Si Macron presiden Prancis ini akhirnya sadar. Dia minta dialog setelah sebelumnya "ngajak perang" dengan Turki, sebuah negeri muslim sunni yang banyak membantu negeri-negeri lain.

Sebelumnya si Macron ini memprovokasi negara-negara Eropa untuk menyudutkan Turki. Dia memprovokasi Yunani untuk berperang melawan Turki karena takut negara-negara jajahannya di Afrika akan bangkit setelah mereka tercerahkan oleh pengaruh Turki.

Dia takut Islam akan semakin kuat oleh sebab itu si Macron ini secara sombong mendukung media Charlie Hebdo menghina Nabi Muhammad Saw dengan membuat karikatur pelecehan kepada Rasul kita umat Islam.

Menariknya dia men tweet dengan menggunakan bahasa Turki. Sepertinya dia ingin agar semua orang Turki dapat membaca pesan dia, maka dia menulis dalam bahasa Turki.

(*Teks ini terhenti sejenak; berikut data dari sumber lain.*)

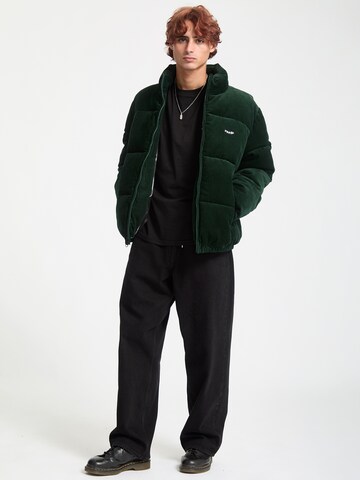 Volcom Between-season jacket 'WALLTZ CORD' in Green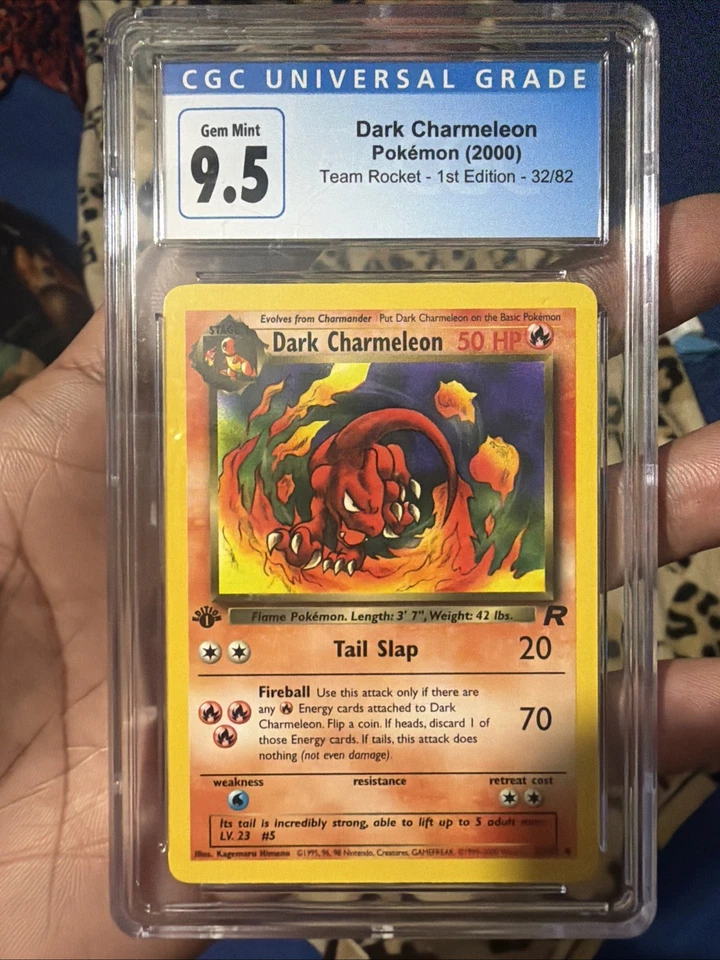 🔥¡Losas de colección Pokémon PSA y CGC!🔥 Foto 2 de 4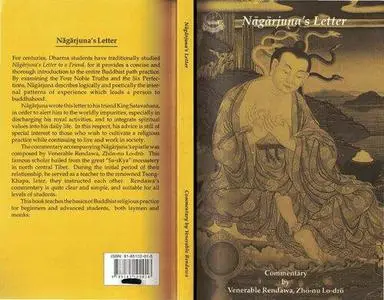 Nāgārjuna's Letter to a Friend: Commentary by Venerable Rendawa, Zhö-nu Lo-drö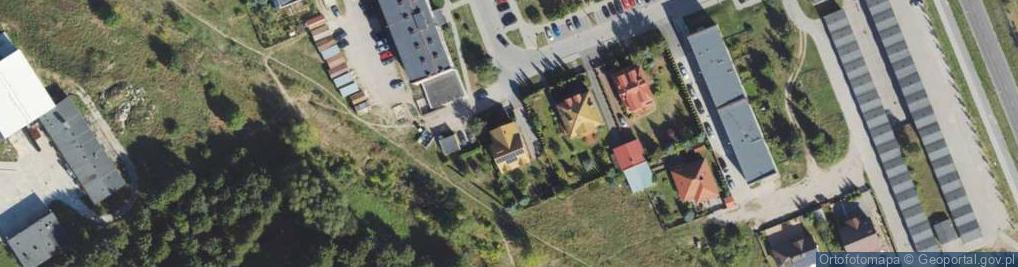 Zdjęcie satelitarne Kowieńska ul.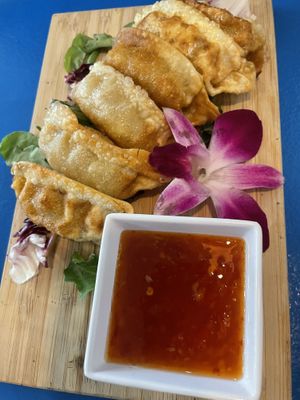 Gyoza  at The Sushi Samurai - Queen Anne in Seattle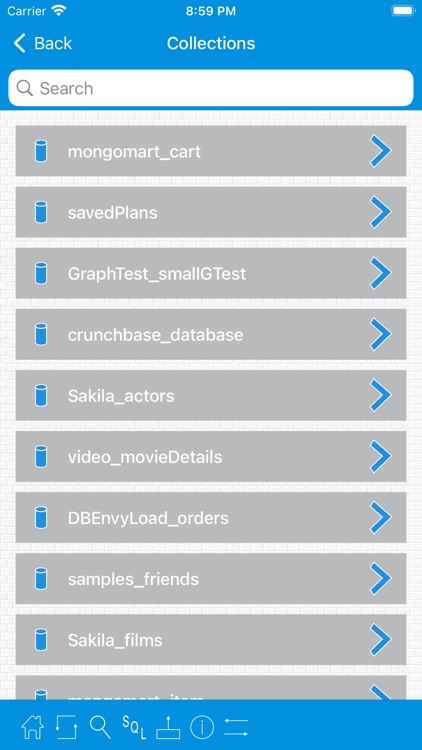 MongoDBProg2 - MongoDB Client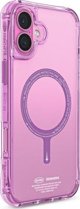 Skinarma Θήκη Saido για iPhone 16 6.1" με Μαγνητική Φόρτιση, Ροζ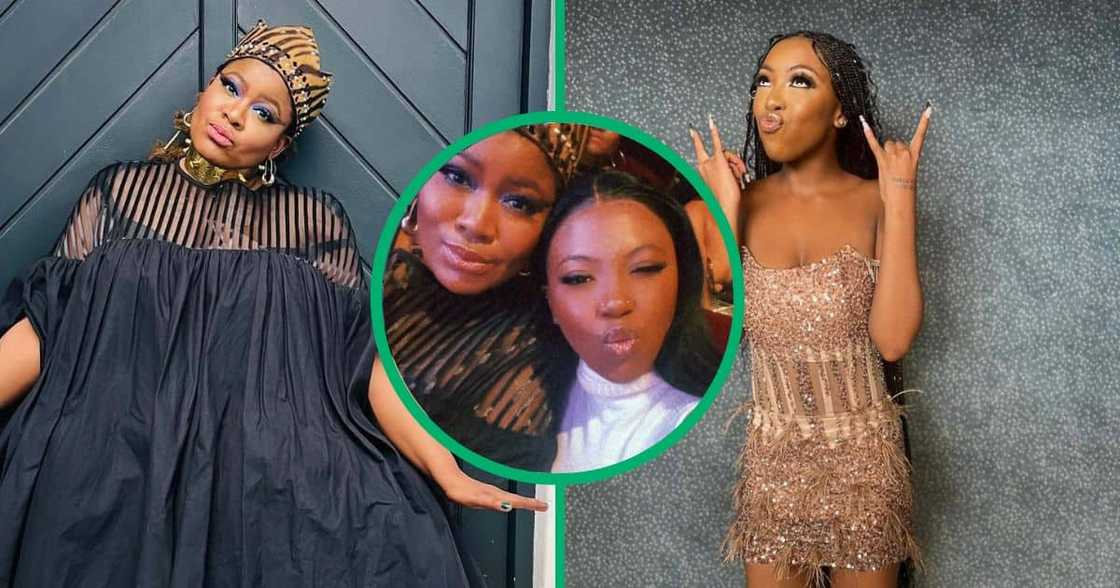 Malaika Mazwai bragged about her mom, Thandiswa Malaika Mazwai bragged about her mom, Thandiswa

Seorang netizen Turki berkomentar, "Anda orang Prancis dikenal karena nasionalisme dan kesombongan Anda. Anda tidak bisa berbicara bahasa lain selain bahasa Prancis sehingga bahasa Anda bisa digunakan di mana-mana. Tetapi ini juga merupakan langkah yang baik, jika Anda mulai berbicara bahasa Turki sebagai presiden, semua rakyat Anda harus segera belajar bahasa Turki."

Netizen Turki yang lain membalas: "Selain belajar bahasa Turki, Anda juga harus kursus ilmu pengetahuan". Sambil memposting foto Erdogan-Macron. Ini sindiran karena beberapa hari sebelumnya Erdogan menyebut Macron tidak punya pengetahun akan sejarah.

Netizen Turki mengejek si Macron ini yang tadinya begitu semangat untuk mengucilkan Turki. Dia berfikir bahwa Turki masih seperti dulu di era kekusaan partai sekuler yang bisa digertak sehingga saat itu laut-laut Turki diserahkan ke Yunani oleh rezim sekuer.

Dia kira selamanya negeri-negeri muslim akan terus tertidur.